**DESCRIPTION OF THE TASK:**
Copy the lines of the data below exactly, starting at the first and stopping after the line that contains "A giant nose"; include no pictures.

**DATA SHOWN:**
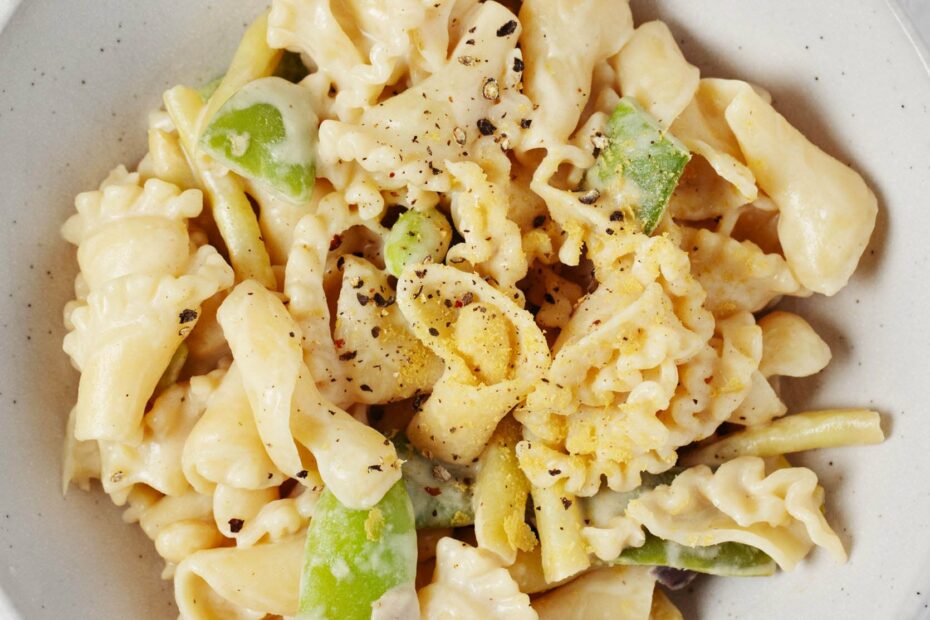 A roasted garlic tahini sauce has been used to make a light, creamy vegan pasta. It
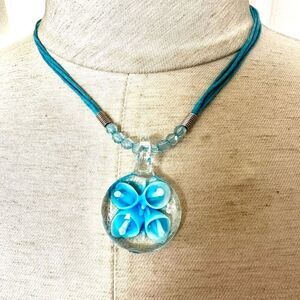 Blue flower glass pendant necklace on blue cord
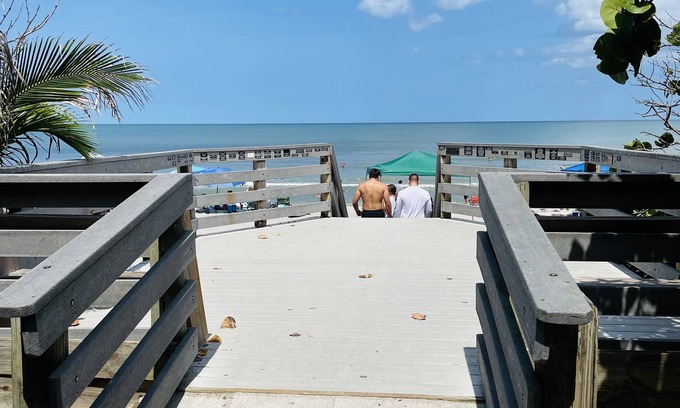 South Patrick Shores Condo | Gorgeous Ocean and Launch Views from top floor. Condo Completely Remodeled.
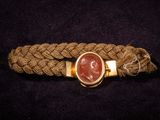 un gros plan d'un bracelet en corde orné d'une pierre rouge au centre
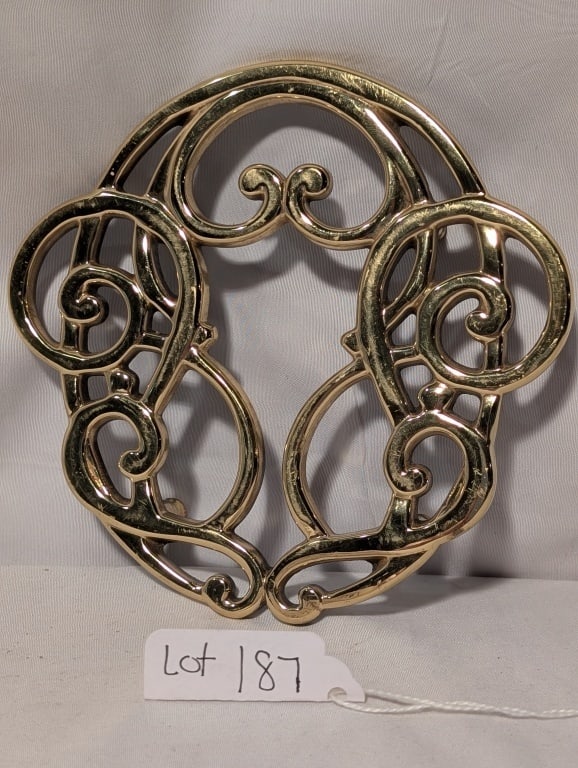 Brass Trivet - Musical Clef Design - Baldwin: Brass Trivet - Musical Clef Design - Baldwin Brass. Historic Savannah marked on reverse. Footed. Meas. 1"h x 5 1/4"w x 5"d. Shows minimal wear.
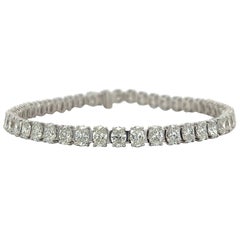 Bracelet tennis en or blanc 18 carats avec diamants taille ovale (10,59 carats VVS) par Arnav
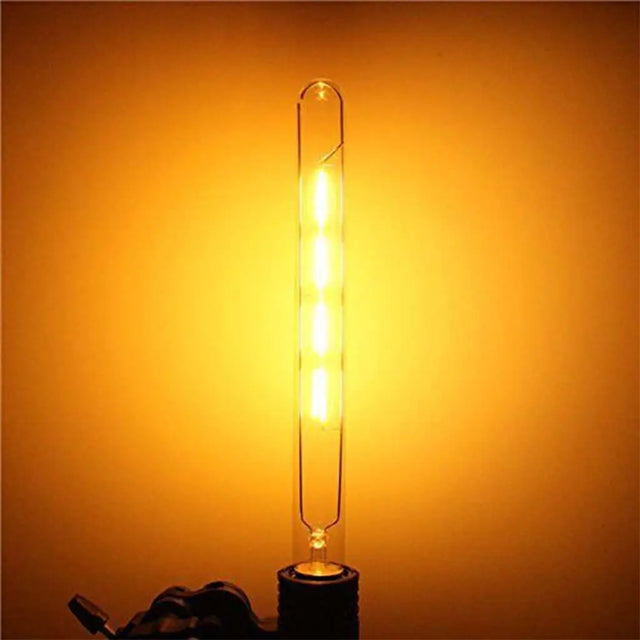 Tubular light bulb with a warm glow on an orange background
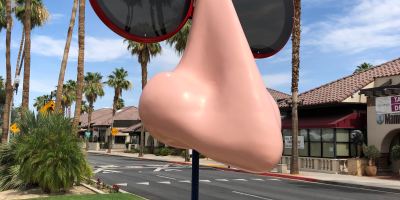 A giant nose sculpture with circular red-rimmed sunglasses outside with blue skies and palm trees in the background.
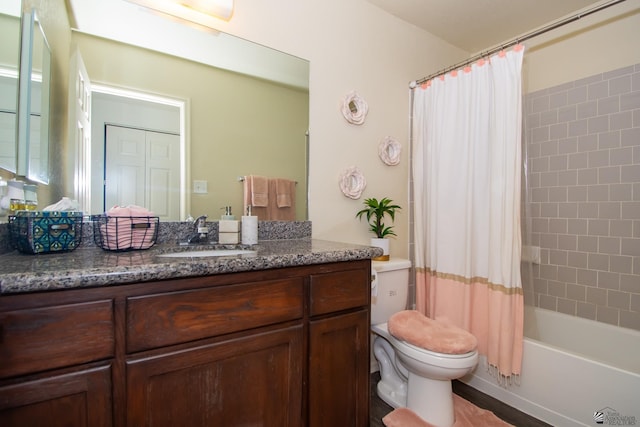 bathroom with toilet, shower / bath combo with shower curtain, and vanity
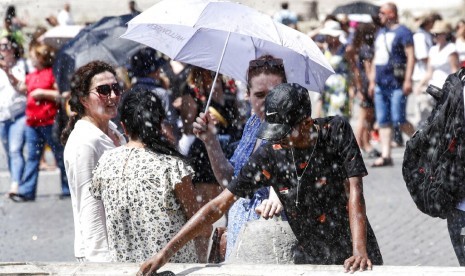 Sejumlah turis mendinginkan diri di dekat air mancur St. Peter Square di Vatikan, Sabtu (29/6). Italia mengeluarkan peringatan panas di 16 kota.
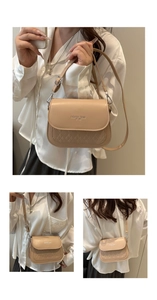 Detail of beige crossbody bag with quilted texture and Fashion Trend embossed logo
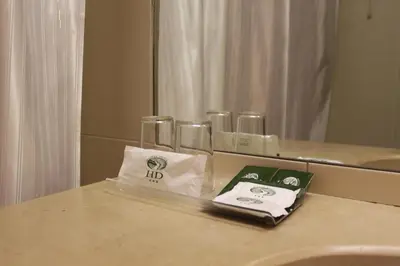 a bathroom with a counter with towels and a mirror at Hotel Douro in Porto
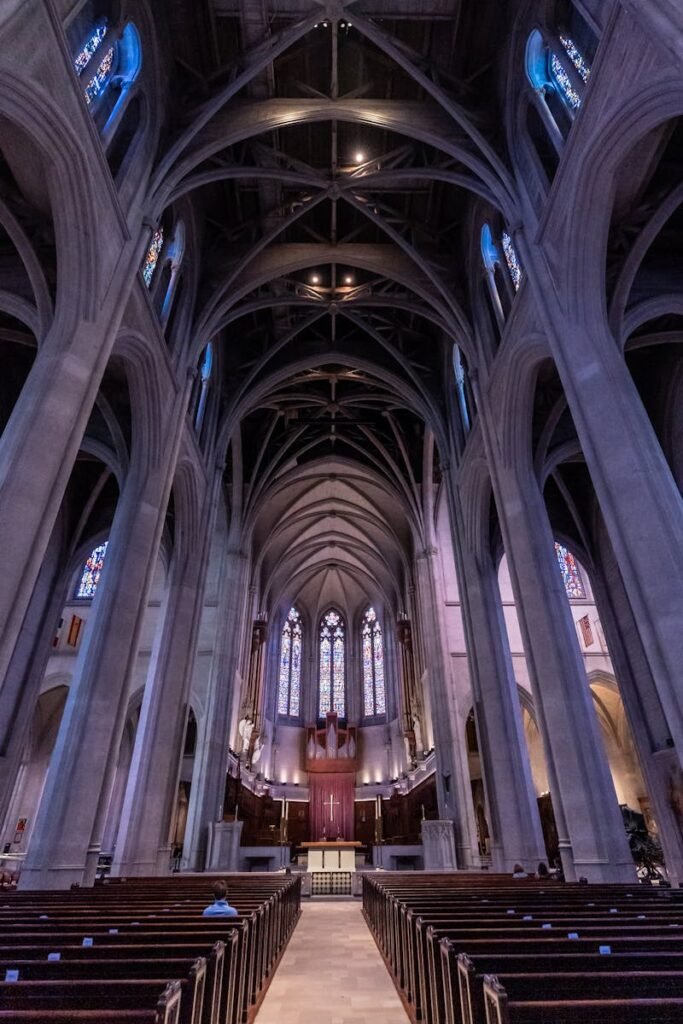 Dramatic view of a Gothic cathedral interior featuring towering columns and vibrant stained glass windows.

**YOUR RESPONSE:**
 A roasted garlic tahini sauce has been used to make a light, creamy vegan pasta. It
 Blue flower glass pendant necklace on blue cord
 South Patrick Shores Condo | Gorgeous Ocean and Launch Views from top floor. Condo Completely Remodeled.
 un gros plan d'un bracelet en corde orné d'une pierre rouge au centre
 Brass Trivet - Musical Clef Design - Baldwin: Brass Trivet - Musical Clef Design - Baldwin Brass. Historic Savannah marked on reverse. Footed. Meas. 1"h x 5 1/4"w x 5"d. Shows minimal wear.
 Bracelet tennis en or blanc 18 carats avec diamants taille ovale (10,59 carats VVS) par Arnav
 Tubular light bulb with a warm glow on an orange background
 A giant nose sculpture with circular red-rimmed sunglasses outside with blue skies and palm trees in the background.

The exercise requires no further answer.